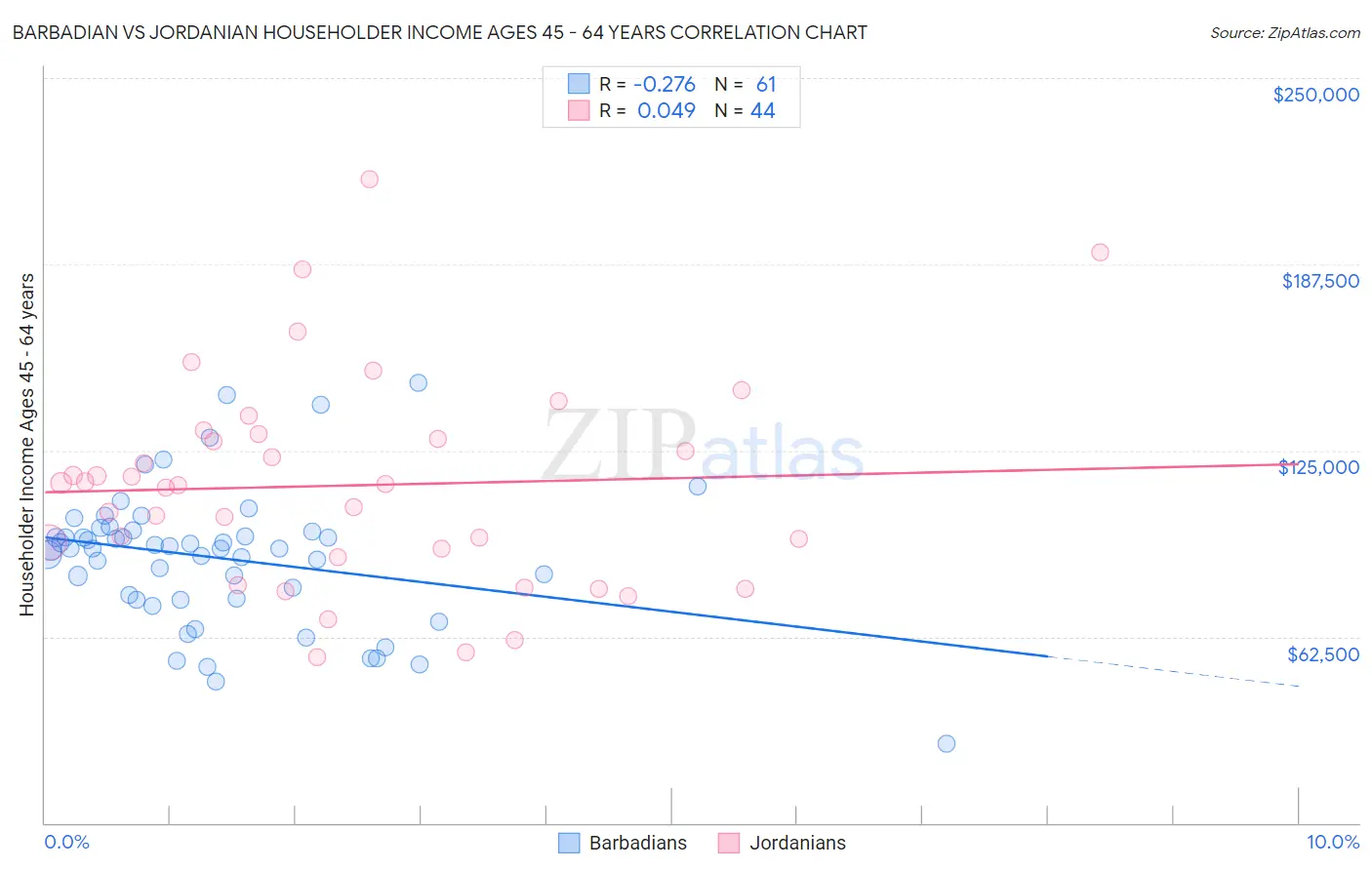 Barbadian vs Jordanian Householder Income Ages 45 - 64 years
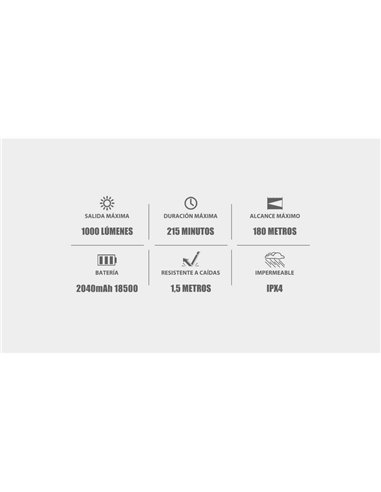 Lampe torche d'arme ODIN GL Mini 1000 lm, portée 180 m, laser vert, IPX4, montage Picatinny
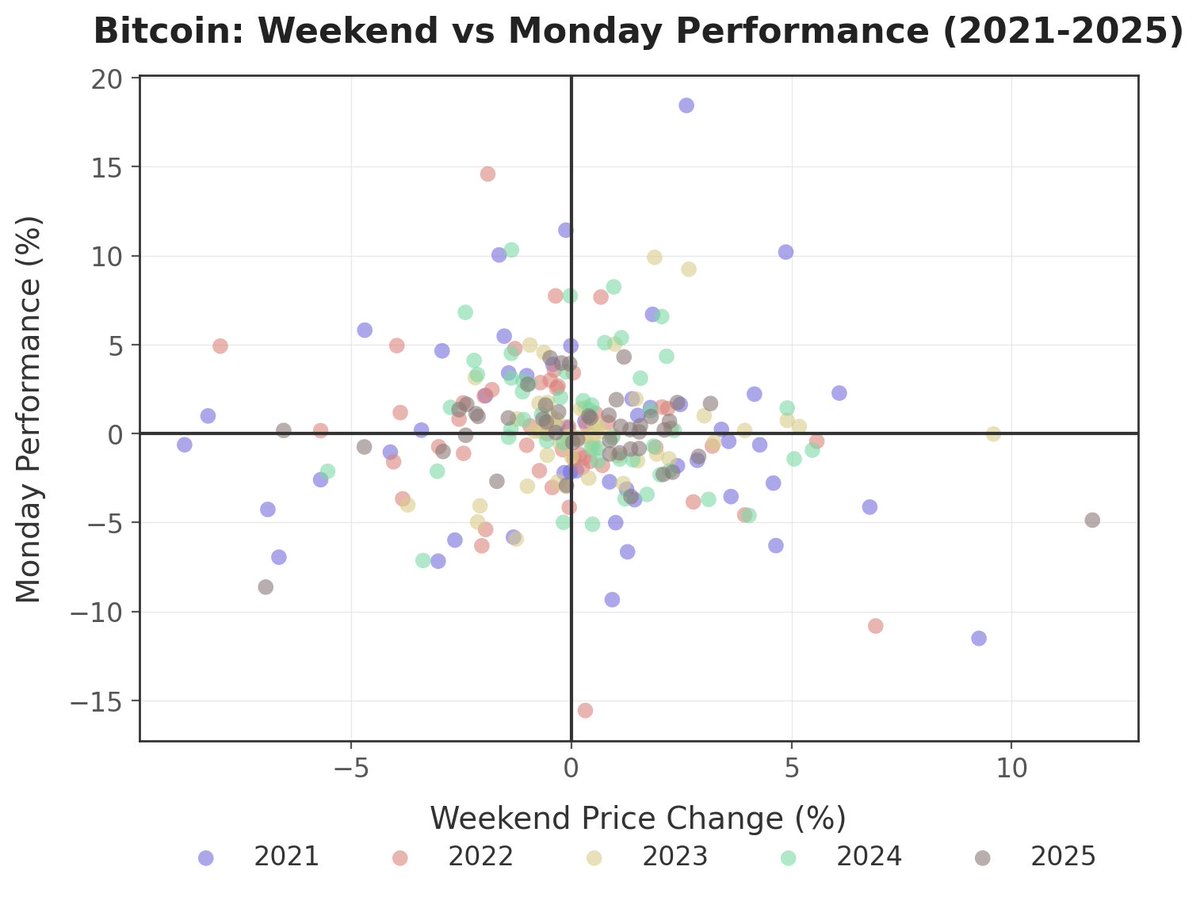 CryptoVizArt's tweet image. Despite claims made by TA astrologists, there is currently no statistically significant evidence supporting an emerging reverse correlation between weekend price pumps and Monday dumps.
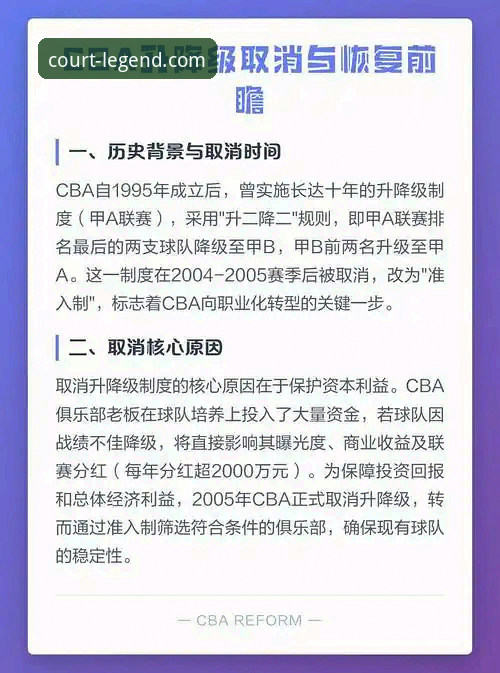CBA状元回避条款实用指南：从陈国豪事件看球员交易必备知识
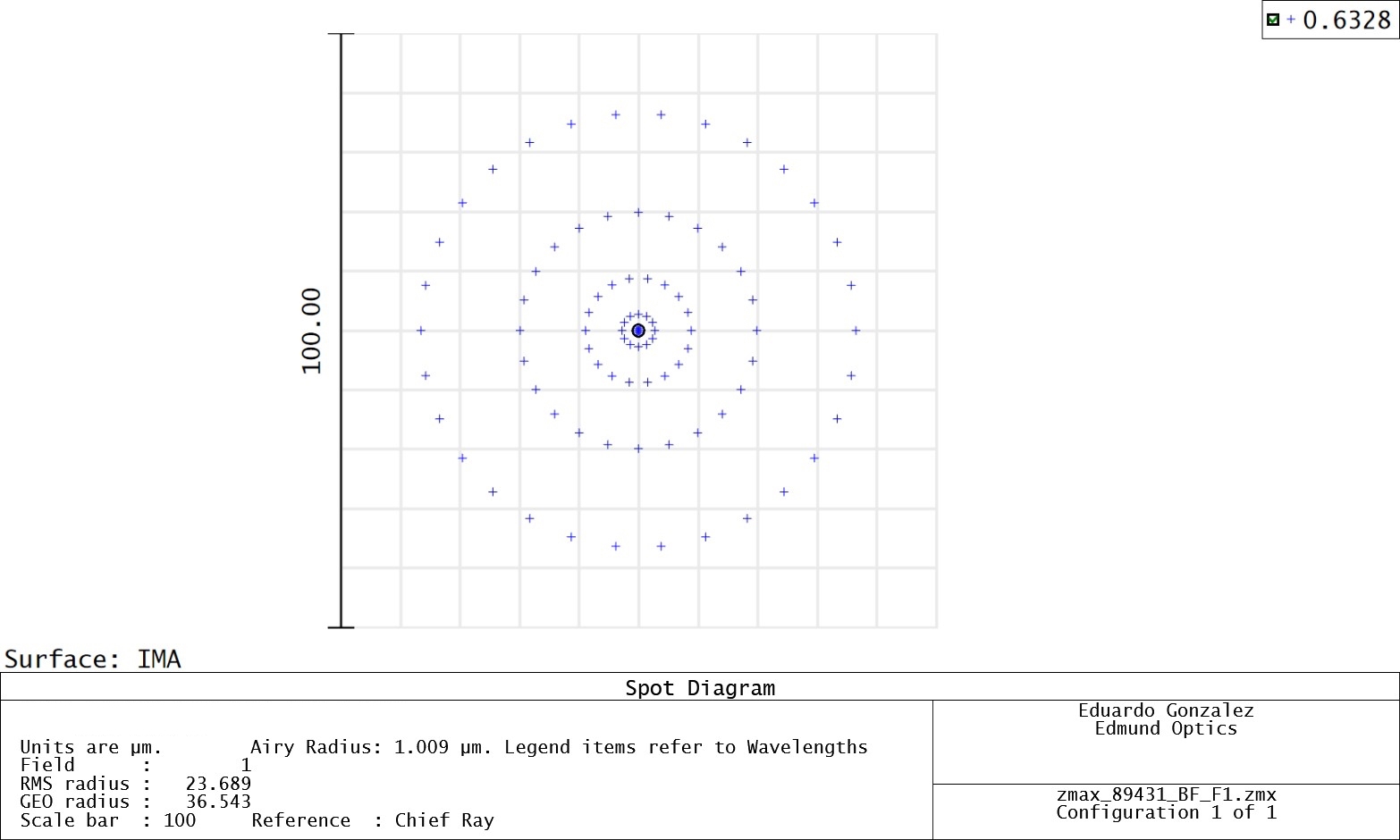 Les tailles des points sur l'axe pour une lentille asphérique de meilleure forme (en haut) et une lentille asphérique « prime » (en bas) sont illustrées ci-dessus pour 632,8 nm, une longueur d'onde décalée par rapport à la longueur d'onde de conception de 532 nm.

• • • • • • •

Print out the records in full and exactly, dropping every picture.

 Barbadian vs Jordanian Householder Income Ages 45 - 64 years
 Lampe torche d'arme ODIN GL Mini 1000 lm, portée 180 m, laser vert, IPX4, montage Picatinny
 CryptoVizArt's tweet image. Despite claims made by TA astrologists, there is currently no statistically significant evidence supporting an emerging reverse correlation between weekend price pumps and Monday dumps.
CBA状元回避条款实用指南：从陈国豪事件看球员交易必备知识
 Les tailles des points sur l'axe pour une lentille asphérique de meilleure forme (en haut) et une lentille asphérique « prime » (en bas) sont illustrées ci-dessus pour 632,8 nm, une longueur d'onde décalée par rapport à la longueur d'onde de conception de 532 nm.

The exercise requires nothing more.